Problem description: From the line containing "Today you all" to the final line of the entries, copy each line exactly. Pictures stay out.

(Dataset records)

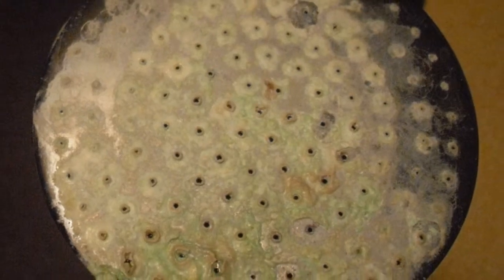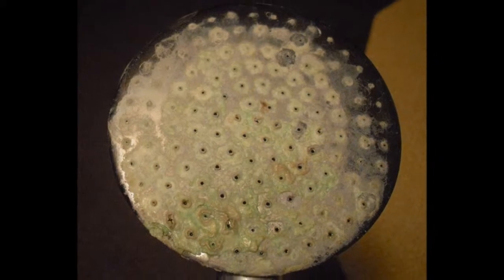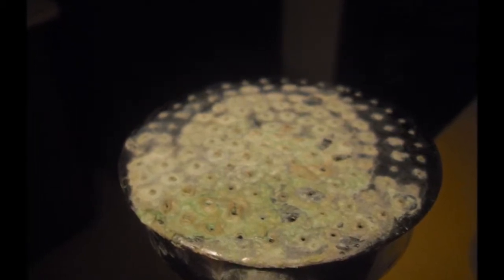Here is a seriously clogged shower head that needs to be cleaned. It actually looks like a petri dish. It's just calcium, lime, magnesium, and other minerals built up over time. It looks like a few thousand showers have gone through this head.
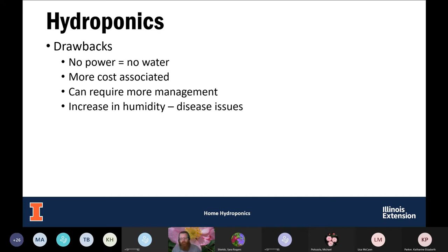Hydroponics is not all unicorns and rainbows — there are some drawbacks. A lot of these systems are active systems requiring pumps. If you lose electricity, you don't have water getting to your plants and they're going to die. There's also more cost associated — with outdoor growing you dig a hole and you're good to go, but with hydroponics there are initial setup costs: buying growing media, setting up systems, purchasing a pump.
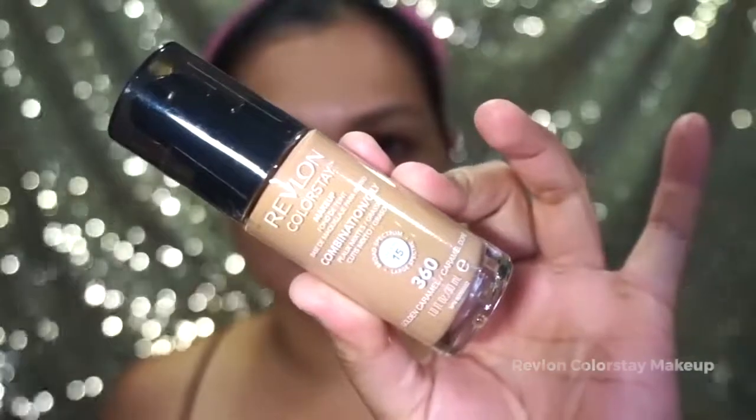Using the same primer, I am going to apply it on my lids and use it as an eyeshadow primer. For foundation, I am using Revlon Color Stay Foundation and my shade is Golden Caramel. I am using my Beauty Sponge from BYS to buff the product on my skin.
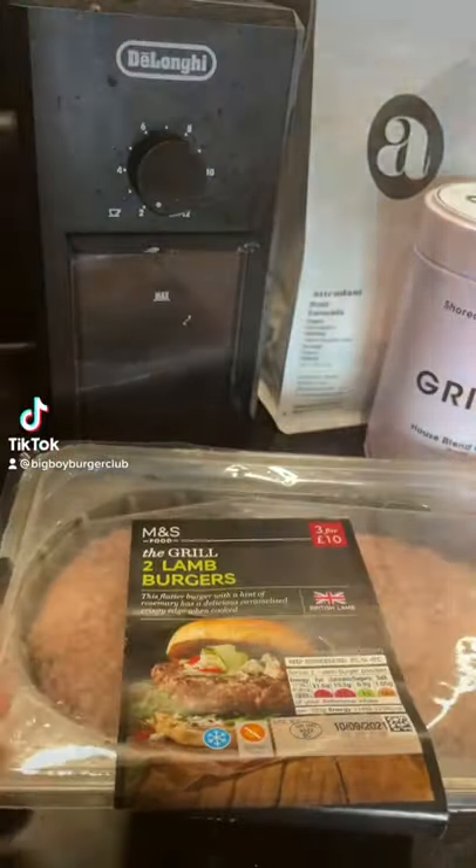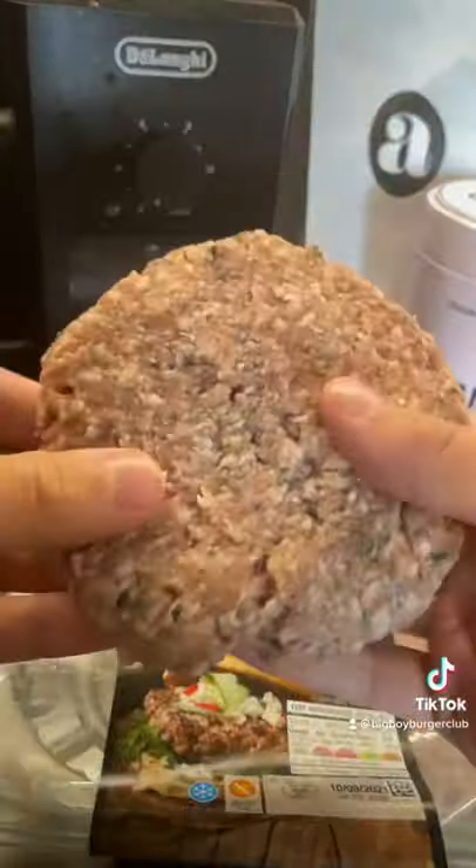So the next M&S product I'm going to try is the lamb burgers. I'm really looking forward to these, so let's see how they taste.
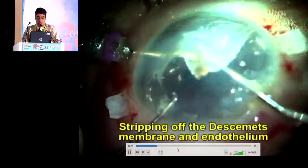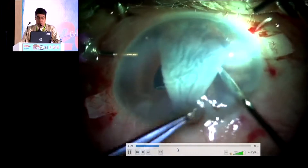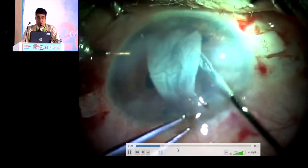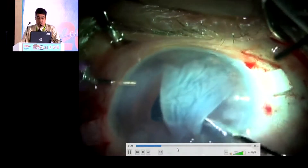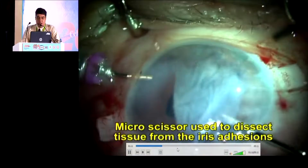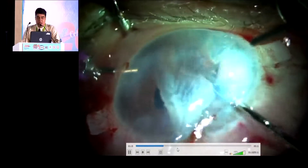Then using a blunt instrument, we are trying to strip the Descemet membrane along with the endothelium. As we are trying to remove that, we see there are a lot of adhesions of the scar tissue into the iris, and gently trying to separate and with the help of micro-scissors, cutting the iris adhesions.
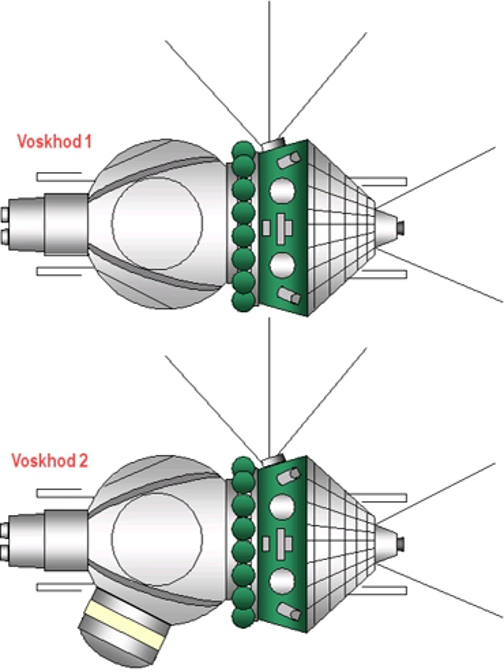The Voskhod flights, with launch dates: Cosmos 47 was an unmanned test flight of the Voskhod hardware. Cosmos 57 was an unmanned test flight, unsuccessful. Cosmos 110 was unmanned and sent two dogs, Vetirok and Ugoyok, on a 22-day flight, launched 22 February 1966 and landed 16 March.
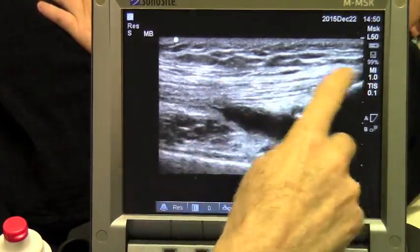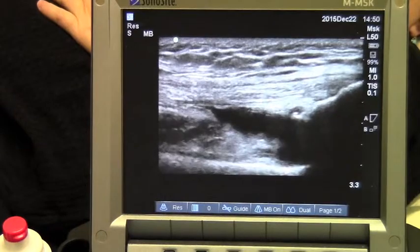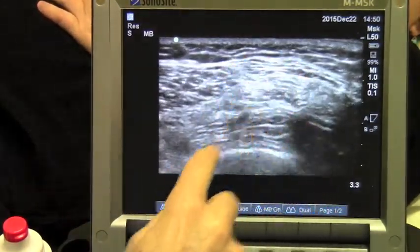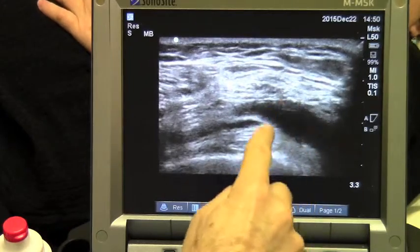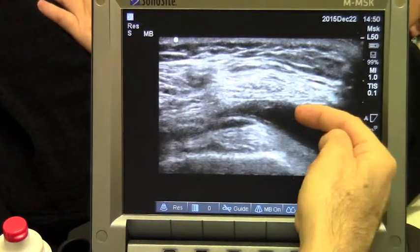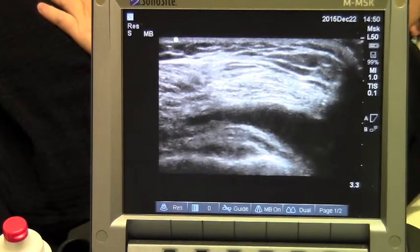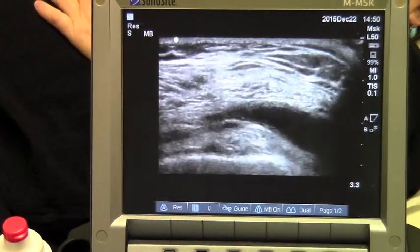This is the quadriceps tendon coming down attaching to the kneecap, called the patella, and this black area here is fluid. I can turn the ultrasound probe 90 degrees and see her quadriceps tendon again, and if I come closer to the kneecap I can see this fluid again. We can use ultrasound to guide our injections — using the needle to enter this little fluid collection, called the suprapatellar recess of the knee joint, and inject our PRP or prolotherapy solution right into the joint itself.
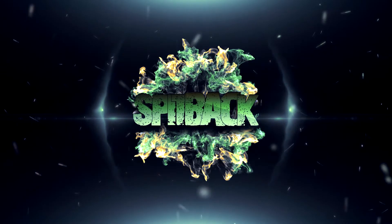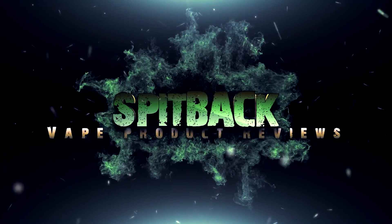Today you all are going to get ohmed on a juice from Naked 100 called Lava Flow. Let's get into it. Hey guys, welcome to Spitback. My name is Nathan and I'm Dave. On this channel, we give reviews on vape related products, give them a rating from 1 to 10 and give you our thoughts and opinions about them.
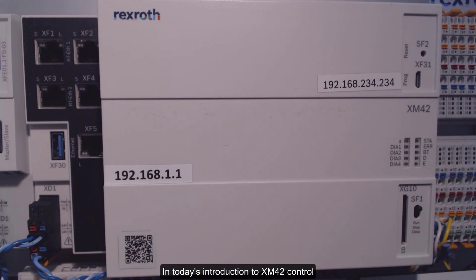Hello, in today's introduction to XM42 control, I will show you how to reset the control into the initial factory configuration.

Result:
Today you all are going to get ohmed on a juice from Naked 100 called Lava Flow. Let's get into it. Hey guys, welcome to Spitback. My name is Nathan and I'm Dave. On this channel, we give reviews on vape related products, give them a rating from 1 to 10 and give you our thoughts and opinions about them.
Hello, in today's introduction to XM42 control, I will show you how to reset the control into the initial factory configuration.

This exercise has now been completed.